Saturday, December 03, 2011

Facing Up to Bullies as a Class Exercise

Steven Pinker, in The Better Angels of Our Nature, emphasizes that there has been a massive reduction in violence in the world because, in part, we have developed skills and habits such as self-control and sympathetic compassion.

One of the sources of collective violent acts come when groups do bad things together even though the members of the group individually think it is wrong. This comes about from what positive psychologists call "pluralistic ignorance" - each thinks the others all agree. Moreover, the effect of pluralistic ignorance is multiplied if there are a few enforcers in the group, insisting that everyone follow the group line. And the irony of enforcers is that they themselves often don't really believe in the bad action the group is doing. Instead, they are trying to convince other people of their sincerity.

This circle of ignorance and evil can be pierced by a few people willing to stand against the group. Sometimes this means standing against individual bullies. It is probably harder to stand against the group when it does not have an obvious bully in it.

So this is my idea, and also my question to you. I want to develop a class exercise in my "Happy Society" class to help students practice speaking up for conscience, even in a group of friends. This kind of practice is especially important because most of their friends probably have the same pangs of conscience, but are held back by the pluralistic ignorance of what the others really feel.

One example Pinker cites is that most students actually do not think binge drinking is good or fun or what they really want to do. Some students in the class are likely to find themselves in a situation where they can speak up against an impending binge drinking game. And, no doubt, there are other, similar situations that arise in ordinary life.

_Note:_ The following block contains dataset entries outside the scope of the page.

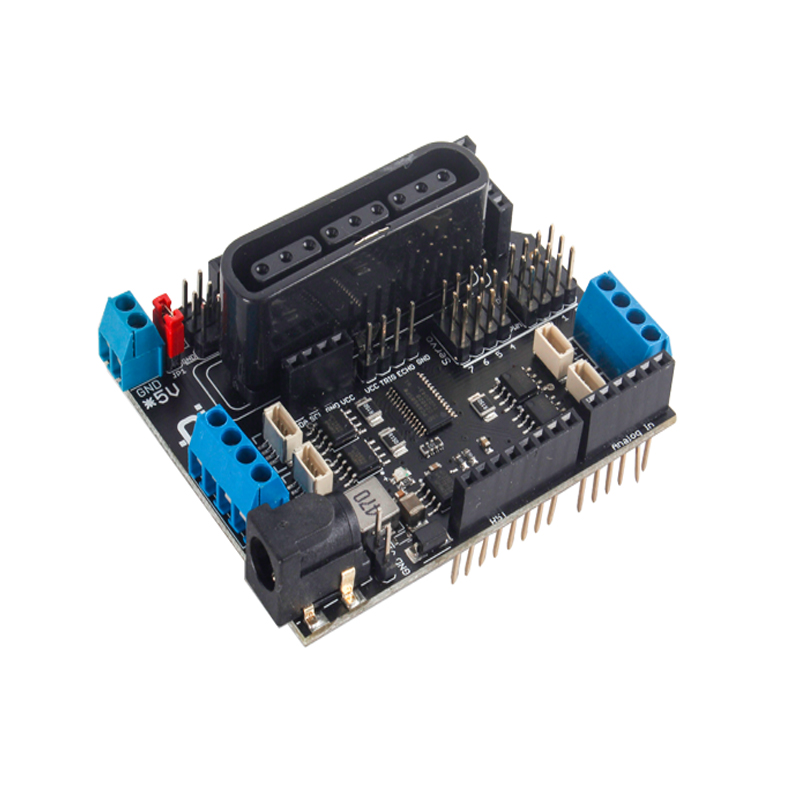 Servo Controller Development D - Arduino Kit recension och pris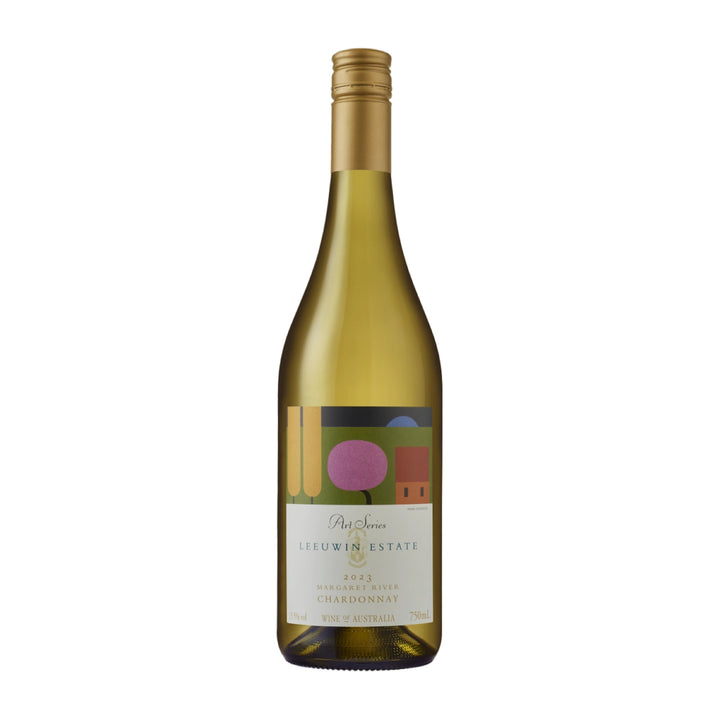Leeuwin Estate Art Series Chardonnay 2023 750ml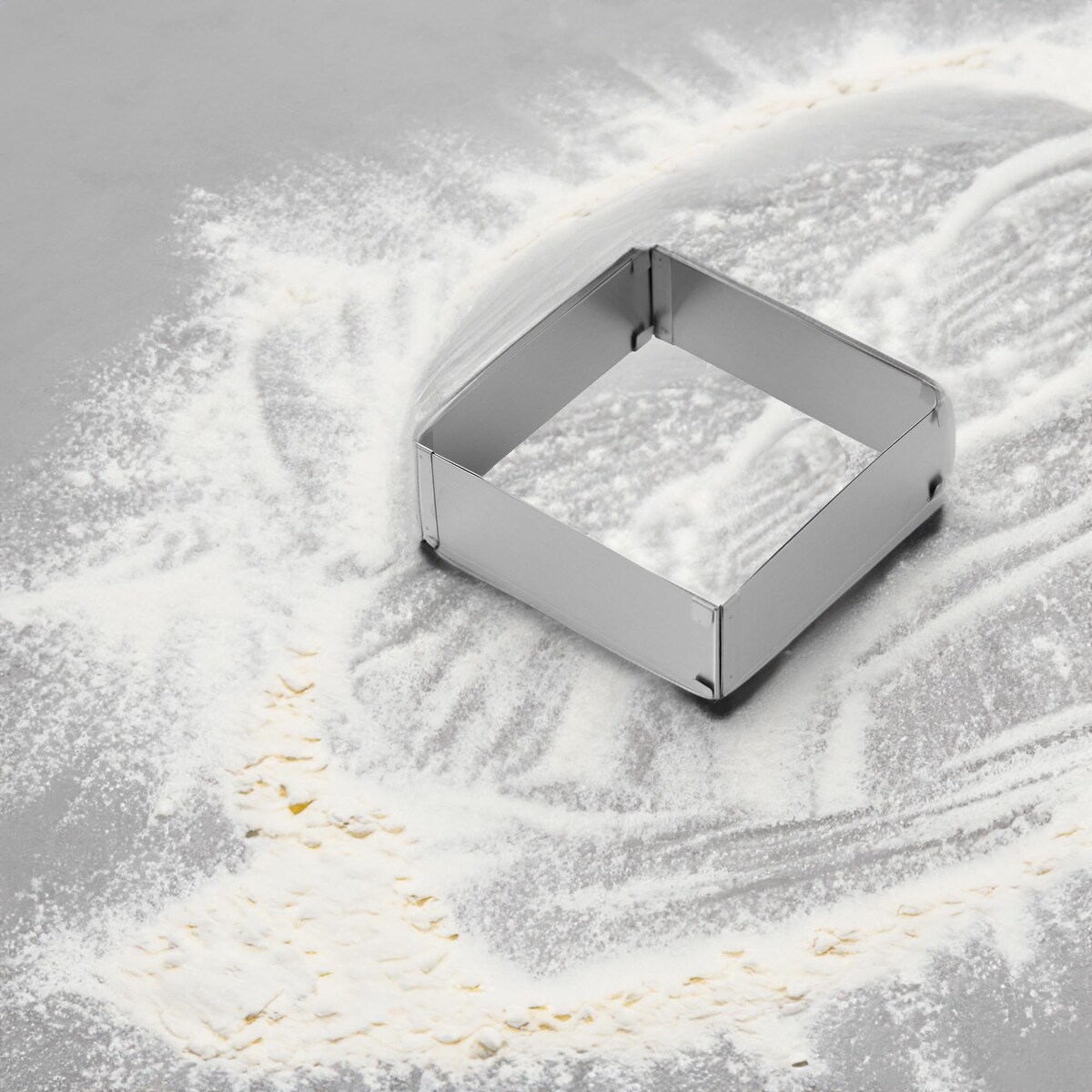 Forma Do Pieczenia Ciasta Rozsuwana 28X28X5 Cm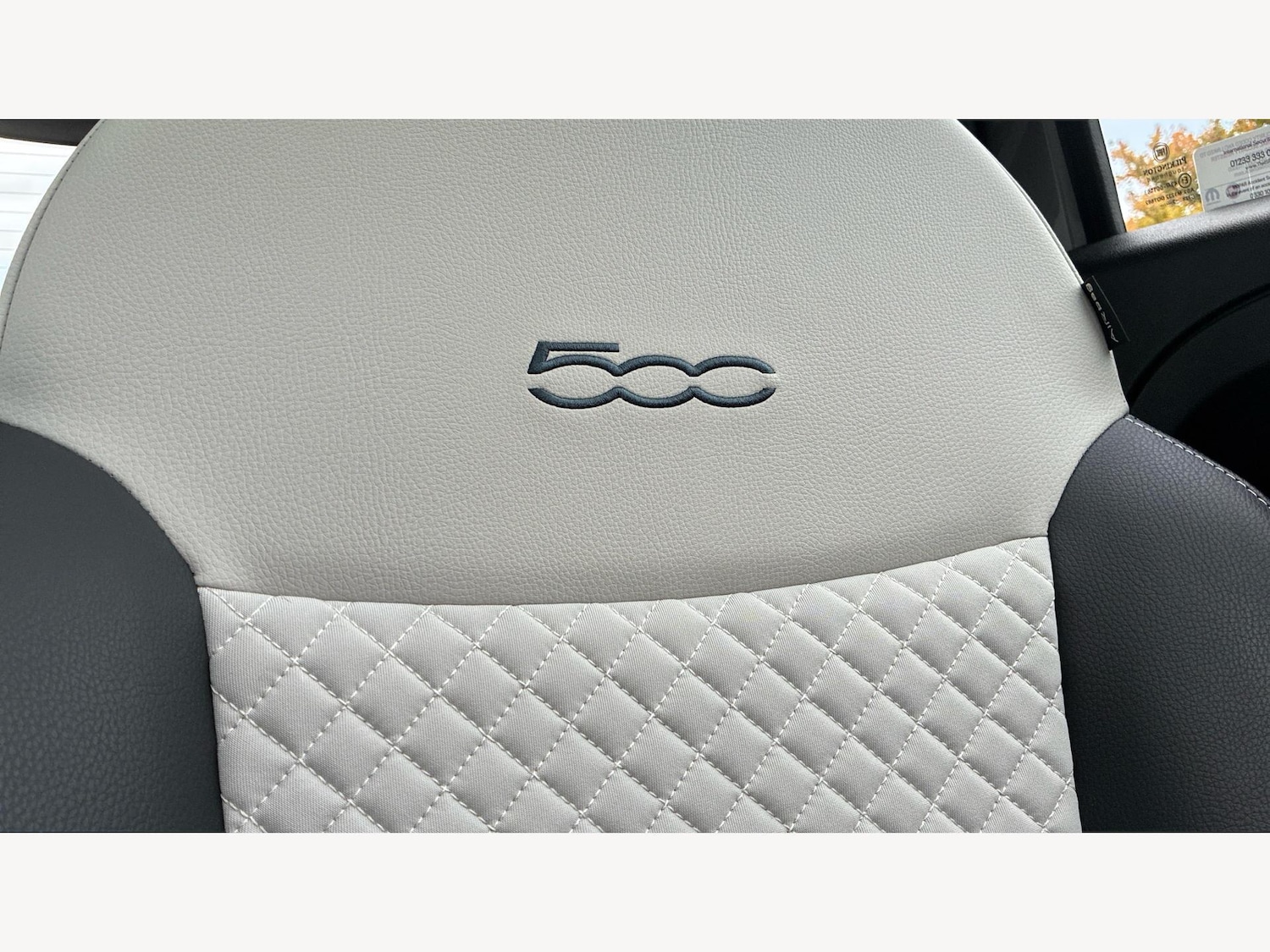 Used Fiat 500 2022 for sale - 76226605: Photo 32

I would welcome ideas on how, exactly, to help students develop the capacity to pierce pluralistic ignorance.


Nate Kratzer said...

The most straightforward exercise I can think of would be a survey of their friends attitudes on various activities (like binge drinking). I wouldn't have been comfortable telling my friends I didn't want to play a drinking game while they were setting it up, but I would have openly shared my opinions when the activity wasn't about to take place.

ceemac said...

You might check with Rodger Nishioka at Columbia Seminary. I know he has done a good bit of work on how adolescents and young adults make moral/ethical and behavioral decisions. And how they may or may not recognize the consequences of these decisions.

There has been a good bit of work on how late the portion of the brain devoted to this type of decision making develops. Rodger has been exploring that. At least he was a few years ago.

gruntled said...

Thanks, ceemac, that is an excellent suggestion. I think practice in doing it is even more helpful in creating habits that talking about how one makes such decisions.